Expansion is Set at Port of Wilmington

Expansion is Set at Port of Wilmington

The Port of Wilmington (DE) is situated where the Delaware and Christina Rivers meet, about 60 miles from the Atlantic Ocean on the East Coast. It is operated by the state-owned Diamond Port Corp.

The port annually produces $436 million in business revenue; and $409 million in personal income for the state and the region. It’s responsible for 5,900 jobs and generates $41 million in annual taxes.

It handles about 400 vessels annually with an import/export cargo tonnage of more than 6 million tons. The Port of Wilmington is the United States’ leading port for imports of fresh fruit, produce, and juice concentrate, and it is the world’s largest port handling bananas. In fact, it handles more than 200,000 TEUs carrying fresh fruits and concentrates each year.

During the winter, the Port of Wilmington receives table grapes, peaches, plums, applies, nectarines, pears, and other fruits from Chile. In the spring, fresh apples, pears, and kiwifruit arrive from New Zealand and Chile. In the fall, Moroccan clementines arrive.

Wilmington is located at the heart of the East Coast, just minutes from major highways, providing shippers with overnight access to major markets.  

Because of its location, the port plays a vital role for produce companies throughout the East Coast, providing quick and easy access to a huge consumer market.

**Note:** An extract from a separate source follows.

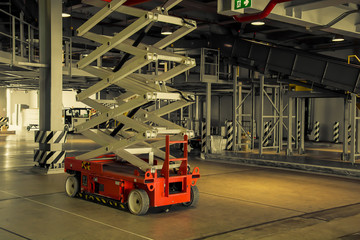 warehouse hall with hydraulic scissors lift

The owners of the port are looking to expand, with plans in motion of redeveloping the Chemours Edgemoor industrial site in Edgemoor, DE as a shipping container site with Gulftainer. The state has granted permits to allow for a 112-foot wide by 2,600-foot long wharf to be built, along with dredging the berth and access channel 45 feet below mean low water, and installing 3,200 feet of bulkhead along the shoreline.

This will allow a facility to hold a capacity for 1.2 million container slots, with upward of 4,000 plus being refrigerated.

Expansion is needed because the port is doing record business and seeing more ships come in than ever before.

Manfredi Cold Storage of which of Kennett Square, PA and Pedricktown, NJ, reports the Port of Wilmington experienced an increase in cargo moving through the past two years.